● **Work required**: Transcribe only part of the material below: the lines from the one containing "Next I'm going" through the one containing "I'm gonna rate", inclusive, exactly as written.

◇ ◇ ◇

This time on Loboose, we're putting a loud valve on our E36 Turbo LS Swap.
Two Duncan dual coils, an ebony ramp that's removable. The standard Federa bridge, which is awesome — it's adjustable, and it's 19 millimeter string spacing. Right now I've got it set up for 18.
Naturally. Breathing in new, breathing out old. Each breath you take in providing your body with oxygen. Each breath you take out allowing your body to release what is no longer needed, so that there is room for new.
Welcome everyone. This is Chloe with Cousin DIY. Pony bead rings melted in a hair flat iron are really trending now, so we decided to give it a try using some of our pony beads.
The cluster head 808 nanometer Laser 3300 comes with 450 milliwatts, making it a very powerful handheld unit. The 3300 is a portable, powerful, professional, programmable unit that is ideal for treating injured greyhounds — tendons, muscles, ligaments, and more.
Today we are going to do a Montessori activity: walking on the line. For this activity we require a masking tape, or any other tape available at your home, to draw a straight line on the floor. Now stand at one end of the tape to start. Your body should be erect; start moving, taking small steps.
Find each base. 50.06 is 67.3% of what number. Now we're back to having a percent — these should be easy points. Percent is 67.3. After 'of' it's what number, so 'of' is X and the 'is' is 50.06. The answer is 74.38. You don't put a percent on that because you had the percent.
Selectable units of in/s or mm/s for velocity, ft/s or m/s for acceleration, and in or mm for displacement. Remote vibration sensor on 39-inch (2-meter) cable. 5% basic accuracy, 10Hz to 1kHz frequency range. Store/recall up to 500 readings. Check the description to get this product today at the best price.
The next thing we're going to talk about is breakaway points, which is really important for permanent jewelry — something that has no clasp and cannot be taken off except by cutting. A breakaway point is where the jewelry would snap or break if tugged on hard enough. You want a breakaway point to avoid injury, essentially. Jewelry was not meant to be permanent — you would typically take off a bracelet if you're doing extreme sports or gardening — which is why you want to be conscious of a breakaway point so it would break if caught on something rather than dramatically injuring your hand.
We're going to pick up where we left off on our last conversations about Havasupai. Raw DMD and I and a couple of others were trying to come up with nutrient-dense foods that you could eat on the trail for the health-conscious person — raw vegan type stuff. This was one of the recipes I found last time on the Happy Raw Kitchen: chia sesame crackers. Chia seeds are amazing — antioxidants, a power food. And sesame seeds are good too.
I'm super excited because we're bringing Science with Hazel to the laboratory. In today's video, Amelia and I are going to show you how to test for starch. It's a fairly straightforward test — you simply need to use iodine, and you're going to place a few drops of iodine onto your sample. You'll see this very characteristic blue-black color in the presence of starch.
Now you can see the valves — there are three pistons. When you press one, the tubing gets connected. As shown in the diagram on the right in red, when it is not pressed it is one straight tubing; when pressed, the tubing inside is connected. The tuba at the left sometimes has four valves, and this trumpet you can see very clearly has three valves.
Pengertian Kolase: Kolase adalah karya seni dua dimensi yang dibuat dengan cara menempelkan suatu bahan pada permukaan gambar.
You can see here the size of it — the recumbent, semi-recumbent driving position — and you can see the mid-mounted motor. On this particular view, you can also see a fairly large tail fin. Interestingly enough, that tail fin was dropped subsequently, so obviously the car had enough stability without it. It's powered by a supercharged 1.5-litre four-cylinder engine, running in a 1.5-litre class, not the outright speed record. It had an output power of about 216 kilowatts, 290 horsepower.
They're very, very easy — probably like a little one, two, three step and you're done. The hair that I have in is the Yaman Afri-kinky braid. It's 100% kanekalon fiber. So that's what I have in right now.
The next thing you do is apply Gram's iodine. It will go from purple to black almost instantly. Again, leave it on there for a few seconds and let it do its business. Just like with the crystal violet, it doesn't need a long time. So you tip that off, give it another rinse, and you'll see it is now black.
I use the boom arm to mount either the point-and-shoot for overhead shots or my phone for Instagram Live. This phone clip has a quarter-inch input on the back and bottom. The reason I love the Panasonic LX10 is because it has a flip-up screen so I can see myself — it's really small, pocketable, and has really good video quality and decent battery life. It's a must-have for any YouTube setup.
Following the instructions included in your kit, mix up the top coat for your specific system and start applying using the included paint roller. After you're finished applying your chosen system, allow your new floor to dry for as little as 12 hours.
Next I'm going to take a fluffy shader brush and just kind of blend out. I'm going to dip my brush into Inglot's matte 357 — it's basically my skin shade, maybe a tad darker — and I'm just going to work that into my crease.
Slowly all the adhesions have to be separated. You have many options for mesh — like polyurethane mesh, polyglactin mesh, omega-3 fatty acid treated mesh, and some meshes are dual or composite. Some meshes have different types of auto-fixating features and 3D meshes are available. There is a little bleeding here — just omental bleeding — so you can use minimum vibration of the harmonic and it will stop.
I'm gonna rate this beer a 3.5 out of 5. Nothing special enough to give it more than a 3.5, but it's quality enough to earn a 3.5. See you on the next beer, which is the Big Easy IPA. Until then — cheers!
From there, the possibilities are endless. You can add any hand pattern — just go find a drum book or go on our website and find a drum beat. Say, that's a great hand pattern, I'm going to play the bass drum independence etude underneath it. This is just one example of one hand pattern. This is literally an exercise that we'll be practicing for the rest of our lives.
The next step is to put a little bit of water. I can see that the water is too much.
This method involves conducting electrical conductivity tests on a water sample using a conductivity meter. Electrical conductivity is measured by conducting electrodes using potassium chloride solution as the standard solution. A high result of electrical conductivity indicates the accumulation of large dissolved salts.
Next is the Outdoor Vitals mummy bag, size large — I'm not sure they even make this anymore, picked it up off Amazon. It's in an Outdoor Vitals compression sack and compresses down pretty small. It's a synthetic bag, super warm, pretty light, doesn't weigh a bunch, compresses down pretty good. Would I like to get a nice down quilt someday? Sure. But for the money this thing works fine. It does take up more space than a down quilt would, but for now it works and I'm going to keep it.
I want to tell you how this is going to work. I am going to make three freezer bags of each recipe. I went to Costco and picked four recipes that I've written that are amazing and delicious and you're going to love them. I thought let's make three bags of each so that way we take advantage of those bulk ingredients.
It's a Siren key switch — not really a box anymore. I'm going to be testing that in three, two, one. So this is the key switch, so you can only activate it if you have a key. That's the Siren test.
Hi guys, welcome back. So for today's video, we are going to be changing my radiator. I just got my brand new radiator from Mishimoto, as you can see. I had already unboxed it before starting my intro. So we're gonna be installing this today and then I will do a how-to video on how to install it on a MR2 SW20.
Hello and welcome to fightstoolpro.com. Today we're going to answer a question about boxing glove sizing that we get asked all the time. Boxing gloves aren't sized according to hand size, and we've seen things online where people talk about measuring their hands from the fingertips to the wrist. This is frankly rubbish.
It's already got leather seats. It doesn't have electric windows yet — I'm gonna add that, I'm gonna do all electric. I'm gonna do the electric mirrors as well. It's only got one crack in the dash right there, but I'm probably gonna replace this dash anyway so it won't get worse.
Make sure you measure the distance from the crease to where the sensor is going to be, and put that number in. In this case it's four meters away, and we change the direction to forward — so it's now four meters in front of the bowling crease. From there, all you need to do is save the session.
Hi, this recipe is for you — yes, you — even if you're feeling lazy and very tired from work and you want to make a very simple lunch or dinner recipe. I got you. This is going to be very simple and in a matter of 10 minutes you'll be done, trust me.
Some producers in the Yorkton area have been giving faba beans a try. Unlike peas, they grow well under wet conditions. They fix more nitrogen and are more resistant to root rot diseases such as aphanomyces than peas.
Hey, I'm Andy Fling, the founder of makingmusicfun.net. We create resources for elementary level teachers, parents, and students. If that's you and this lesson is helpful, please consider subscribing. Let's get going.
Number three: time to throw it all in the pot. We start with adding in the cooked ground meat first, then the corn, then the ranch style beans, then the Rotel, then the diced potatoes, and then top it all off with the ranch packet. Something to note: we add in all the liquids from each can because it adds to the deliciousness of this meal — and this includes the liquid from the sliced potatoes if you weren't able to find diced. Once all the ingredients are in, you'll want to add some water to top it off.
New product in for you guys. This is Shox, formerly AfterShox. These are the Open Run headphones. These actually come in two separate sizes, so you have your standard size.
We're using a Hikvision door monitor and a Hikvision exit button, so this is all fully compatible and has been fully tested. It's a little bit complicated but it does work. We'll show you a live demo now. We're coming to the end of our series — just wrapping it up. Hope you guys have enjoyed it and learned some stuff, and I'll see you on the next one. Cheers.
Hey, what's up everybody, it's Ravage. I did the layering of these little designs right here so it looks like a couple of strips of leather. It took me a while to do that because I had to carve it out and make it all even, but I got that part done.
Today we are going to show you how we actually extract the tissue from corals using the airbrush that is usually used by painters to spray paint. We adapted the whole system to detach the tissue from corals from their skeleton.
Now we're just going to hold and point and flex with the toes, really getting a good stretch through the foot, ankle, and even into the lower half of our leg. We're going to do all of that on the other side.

◇ ◇ ◇

● **Written response**:
Next I'm going to take a fluffy shader brush and just kind of blend out. I'm going to dip my brush into Inglot's matte 357 — it's basically my skin shade, maybe a tad darker — and I'm just going to work that into my crease.
Slowly all the adhesions have to be separated. You have many options for mesh — like polyurethane mesh, polyglactin mesh, omega-3 fatty acid treated mesh, and some meshes are dual or composite. Some meshes have different types of auto-fixating features and 3D meshes are available. There is a little bleeding here — just omental bleeding — so you can use minimum vibration of the harmonic and it will stop.
I'm gonna rate this beer a 3.5 out of 5. Nothing special enough to give it more than a 3.5, but it's quality enough to earn a 3.5. See you on the next beer, which is the Big Easy IPA. Until then — cheers!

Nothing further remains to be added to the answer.